*** Provided records ***

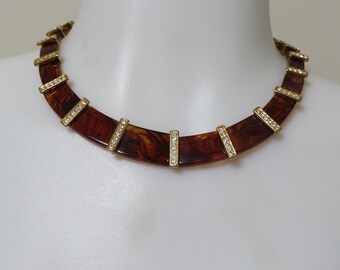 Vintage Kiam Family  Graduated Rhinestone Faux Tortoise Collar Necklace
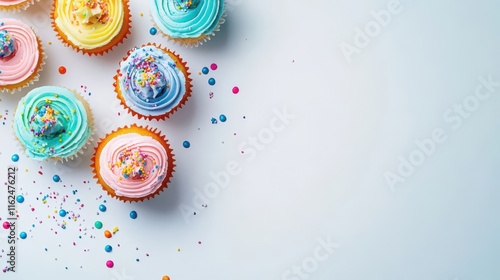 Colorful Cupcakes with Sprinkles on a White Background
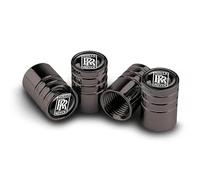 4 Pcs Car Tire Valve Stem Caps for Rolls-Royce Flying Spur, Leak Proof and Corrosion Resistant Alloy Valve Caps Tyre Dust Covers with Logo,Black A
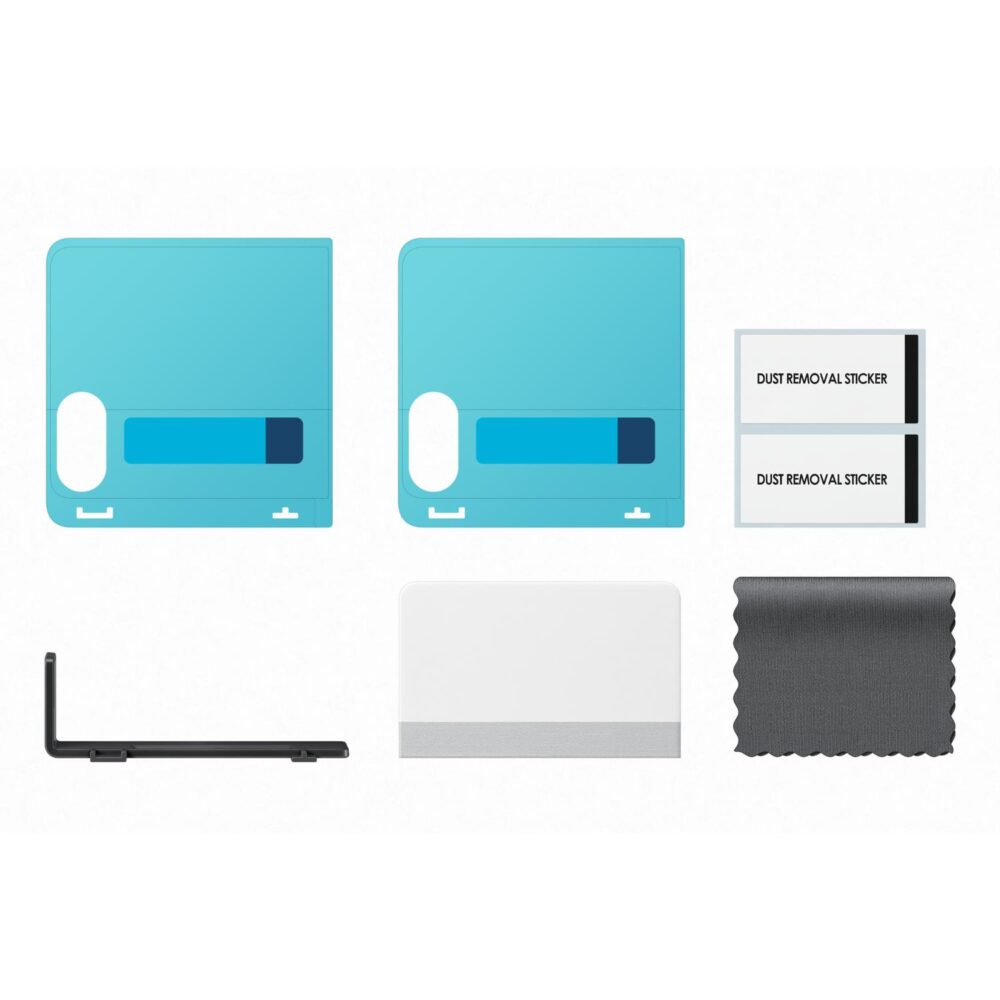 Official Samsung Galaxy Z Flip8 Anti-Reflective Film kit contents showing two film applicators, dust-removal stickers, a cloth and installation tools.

***
*** Provided records ***

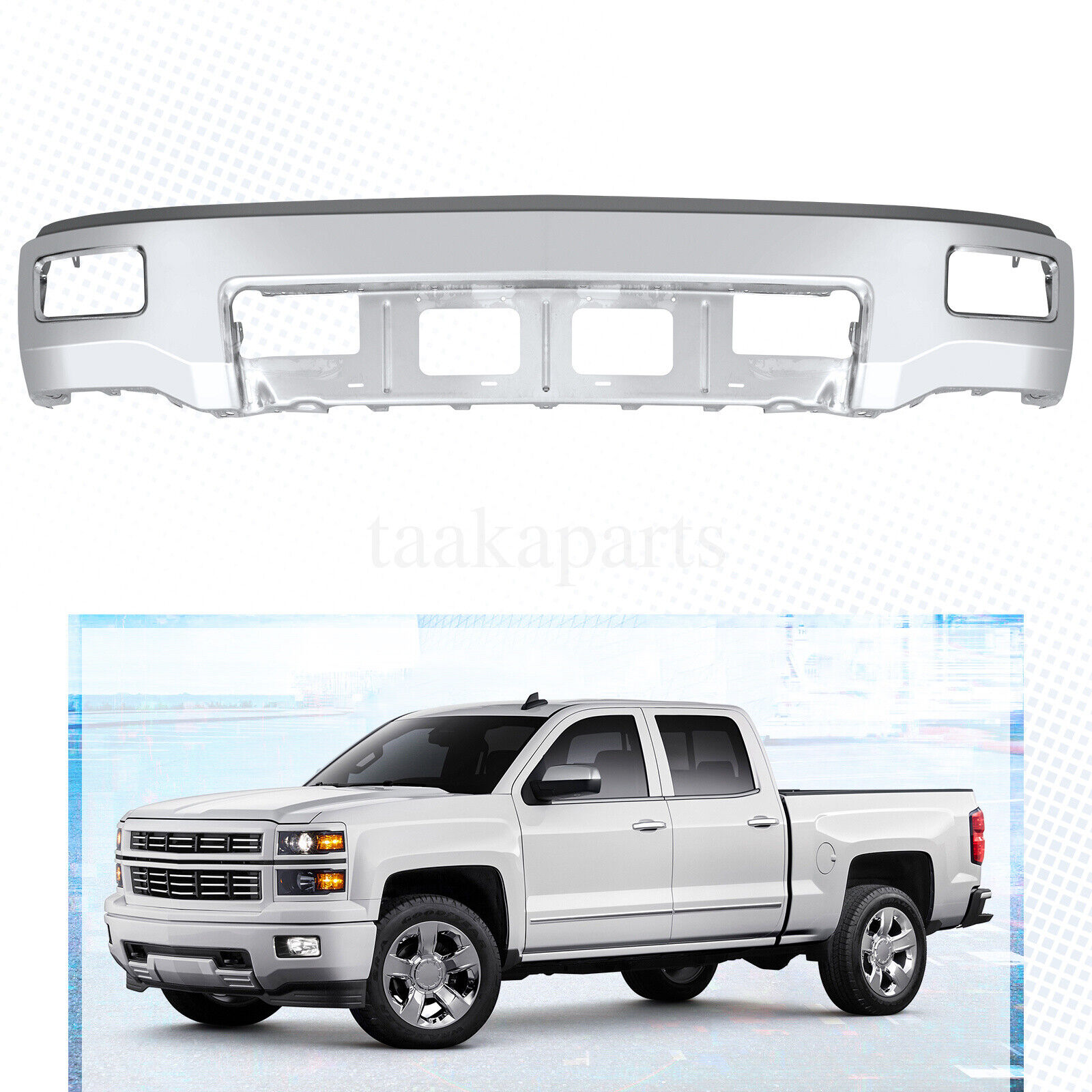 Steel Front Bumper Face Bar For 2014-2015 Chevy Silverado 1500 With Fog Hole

***

Return exactly the lines that appear in the data above between the line containing "Colorful Cupcakes with" and the line containing "Official Samsung Galaxy", both of which are included, and leave the pictures out.

* Expected output
 Colorful Cupcakes with Sprinkles on a White Background
 4 Pcs Car Tire Valve Stem Caps for Rolls-Royce Flying Spur, Leak Proof and Corrosion Resistant Alloy Valve Caps Tyre Dust Covers with Logo,Black A
 Official Samsung Galaxy Z Flip8 Anti-Reflective Film kit contents showing two film applicators, dust-removal stickers, a cloth and installation tools.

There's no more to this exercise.